Saya : Apa yang bisa membuatmu merasa lebih baik?
Aku : Andai ada yang bisa begitu.....Ah, sudah, aku capek!
Saya : Okey, mungkin kamu memang sedang benar-benar butuh sendiri
Aku : Iya benar!
Saya : Tapi, kalau boleh, aku ingin tanya satu hal penting, Boleh?
Aku : (Hanya diam dengan kepala tertunduk)
Saya : Kamu sudah mandi?
Aku : Grr.... itu penting, ya?!!!?
Saya : Oh, maaf kalau bikin kamu merasa marah lagi.
Aku : Kamu bisa apa?
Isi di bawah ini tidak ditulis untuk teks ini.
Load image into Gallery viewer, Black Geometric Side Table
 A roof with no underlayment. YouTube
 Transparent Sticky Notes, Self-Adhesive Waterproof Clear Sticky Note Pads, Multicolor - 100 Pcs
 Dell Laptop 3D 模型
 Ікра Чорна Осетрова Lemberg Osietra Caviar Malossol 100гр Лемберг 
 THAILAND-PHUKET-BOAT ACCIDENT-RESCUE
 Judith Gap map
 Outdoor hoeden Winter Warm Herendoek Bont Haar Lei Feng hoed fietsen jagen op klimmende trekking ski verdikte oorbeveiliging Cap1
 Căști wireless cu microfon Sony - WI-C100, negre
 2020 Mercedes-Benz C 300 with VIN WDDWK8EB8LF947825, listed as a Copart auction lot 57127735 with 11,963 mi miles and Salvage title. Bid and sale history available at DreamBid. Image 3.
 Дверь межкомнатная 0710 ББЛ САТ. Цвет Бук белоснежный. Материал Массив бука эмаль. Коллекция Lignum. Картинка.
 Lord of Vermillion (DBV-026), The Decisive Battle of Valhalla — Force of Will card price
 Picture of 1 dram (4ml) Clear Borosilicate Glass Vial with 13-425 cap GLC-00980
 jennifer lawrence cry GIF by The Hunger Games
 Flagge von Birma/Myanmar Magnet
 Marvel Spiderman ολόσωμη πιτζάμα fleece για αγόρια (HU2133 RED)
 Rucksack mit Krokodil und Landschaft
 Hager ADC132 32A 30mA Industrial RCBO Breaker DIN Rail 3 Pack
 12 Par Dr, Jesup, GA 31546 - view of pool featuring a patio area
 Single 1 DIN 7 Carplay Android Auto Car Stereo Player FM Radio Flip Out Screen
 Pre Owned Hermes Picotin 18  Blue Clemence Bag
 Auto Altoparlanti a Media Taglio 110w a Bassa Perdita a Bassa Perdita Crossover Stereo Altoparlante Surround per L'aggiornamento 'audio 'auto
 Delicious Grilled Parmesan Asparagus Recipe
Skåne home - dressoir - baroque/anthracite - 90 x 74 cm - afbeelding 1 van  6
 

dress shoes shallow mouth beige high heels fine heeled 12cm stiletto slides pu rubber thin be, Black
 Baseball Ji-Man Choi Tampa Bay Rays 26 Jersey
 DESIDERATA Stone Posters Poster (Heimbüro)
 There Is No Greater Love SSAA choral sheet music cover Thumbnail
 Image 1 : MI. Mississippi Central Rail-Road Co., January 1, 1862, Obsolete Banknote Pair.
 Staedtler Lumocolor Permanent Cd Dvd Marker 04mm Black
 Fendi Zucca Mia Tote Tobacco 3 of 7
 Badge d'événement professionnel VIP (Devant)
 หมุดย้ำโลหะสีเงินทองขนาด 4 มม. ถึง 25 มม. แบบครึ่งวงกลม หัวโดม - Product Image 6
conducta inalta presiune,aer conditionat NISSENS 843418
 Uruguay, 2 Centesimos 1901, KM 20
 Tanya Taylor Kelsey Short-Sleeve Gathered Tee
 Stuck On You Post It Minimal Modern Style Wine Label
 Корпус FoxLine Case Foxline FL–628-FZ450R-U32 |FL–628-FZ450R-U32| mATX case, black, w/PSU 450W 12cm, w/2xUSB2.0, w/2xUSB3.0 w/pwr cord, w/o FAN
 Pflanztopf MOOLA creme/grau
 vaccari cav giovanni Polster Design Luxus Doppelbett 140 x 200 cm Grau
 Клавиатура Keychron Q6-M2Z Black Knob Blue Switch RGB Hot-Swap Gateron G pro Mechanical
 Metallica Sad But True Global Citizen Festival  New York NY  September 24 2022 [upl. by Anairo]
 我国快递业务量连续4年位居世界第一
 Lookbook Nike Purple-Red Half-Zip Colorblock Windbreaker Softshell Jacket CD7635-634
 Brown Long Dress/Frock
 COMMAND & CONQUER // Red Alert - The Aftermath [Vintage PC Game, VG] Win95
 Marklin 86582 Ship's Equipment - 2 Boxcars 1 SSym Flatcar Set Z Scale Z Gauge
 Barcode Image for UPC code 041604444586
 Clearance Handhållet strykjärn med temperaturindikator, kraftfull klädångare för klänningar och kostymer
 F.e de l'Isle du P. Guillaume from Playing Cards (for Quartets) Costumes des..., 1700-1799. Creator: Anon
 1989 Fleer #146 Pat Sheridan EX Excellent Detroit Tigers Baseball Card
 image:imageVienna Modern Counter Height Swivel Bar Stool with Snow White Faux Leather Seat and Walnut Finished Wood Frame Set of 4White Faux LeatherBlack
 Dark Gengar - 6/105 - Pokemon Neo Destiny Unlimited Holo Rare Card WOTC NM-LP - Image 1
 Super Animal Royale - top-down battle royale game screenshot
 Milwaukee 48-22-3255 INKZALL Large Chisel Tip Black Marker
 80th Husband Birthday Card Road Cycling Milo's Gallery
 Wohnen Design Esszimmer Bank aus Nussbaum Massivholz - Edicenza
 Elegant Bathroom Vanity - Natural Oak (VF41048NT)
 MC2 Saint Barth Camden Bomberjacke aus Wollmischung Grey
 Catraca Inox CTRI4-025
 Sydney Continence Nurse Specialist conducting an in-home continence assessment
Bisanya hanya nanya, Saat aku lagi hampa gini, malah bercanda, Nggak lucu!
Saya : Sama sekali nggak bermaksud mencandai kamu, hanya ingin memastikan kamu sudah makan dan mandi.
Aku : Kamu aneh, untuk apa makan dan mandi kalau hidupku nggak berarti?
Saya : Masing-masing orang mungkin berbeda. Bagimu mungkin makan dan mandi bukan hal penting. Tapi ingat bahwa saya juga bagian dari dirimu. Kamu tidak bisa membuang seluruh bagian dirimu ketika hanya satu sisi dirimu yang tidak bahagia atau yang kamu sebut hampa itu.
Aku : Oh...oh....
Saya : Maaf, saya sama sekali nggak berdebat., Saya adalah bagian dari dirimu yang tetap ingin melihatmu tersenyum. Bila orang yang berbuat salah padamu, bila ada sesuatu yang tidak menyenangkan, itu kan bukan salah dirimu seutuhnya. Jangan dirimu sedemikian rupa.
(Seperti biasa, Aku memang sangat egois dan lebih banyak tidak rasional. Saya selalu berusaha mendamaikan Aku)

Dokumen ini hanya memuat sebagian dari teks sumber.